Related industries are getting hit hard as well. Real estate investment trusts are getting rid of their controllers and replacing them with lower-priced executives, says Lisa Ludmer, director of permanent and professional placement at Adecco Employment Services in Toronto. She expects to see many companies restructure during the first quarter of 2009.
"Companies are still looking for talent, (but) they are really being picky," she says. "We need revenue-generating employees in every company."
Analysts and recruiters expect more job cuts as the weakening global economy continues to batter the Canadian economy and earnings of banks decline, particularly in their investment banking and brokerage businesses. In addition, more write-downs of bad loans are expected. Dundee Capital Markets Analyst John Aiken recently told the Financial Post he was surprised there had not already been announcements of "significant" job cuts, but pointed out banks try to avoid cutting heads around the holidays.
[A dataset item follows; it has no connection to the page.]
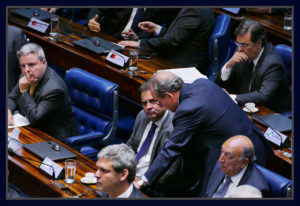 Senadores Antonio Anastasia, Aécio Neves, Cassio Cunha Lima, José Aníbal e Pedro Chaves.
"The world has changed since September ...when Lehman was allowed to go down," observes Faye Thorek, a partner with Thorek/Scott & Partners, a Toronto-based firm specializing in financial services recruiting. "The market is changing and skills (employers need) are changing. Some people will never do the type of work they did before."
Job seekers who are contacting her firm are "cautious but worried," Thorek says. And no wonder: The once red-hot economy in Canada is slowing. Though the U.S. is in a recession, the Canadian economy is continuing to grow - albeit at a tepid 0.3 percent in the third quarter. However, pundits expect the U.S. recession will drag down Canada's economy as well. Banks are feeling the pressure.
After his firm's recent earnings report, BMO Chief Executive Bill Downe predicted tougher times ahead. Meanwhile, Scotiabank reported a double-digit decline in profits. "While Canadian banks have fared better than their counterparts in other parts of the world, none of us have been immune to the forces buffeting global markets," said Scotiabank CEO Rick Waugh.
In her 37 years in business, Thorek has seen nothing like the current job market. "I have been through recessions and mini recessions," she says. "This is very deep and very broad and this is global."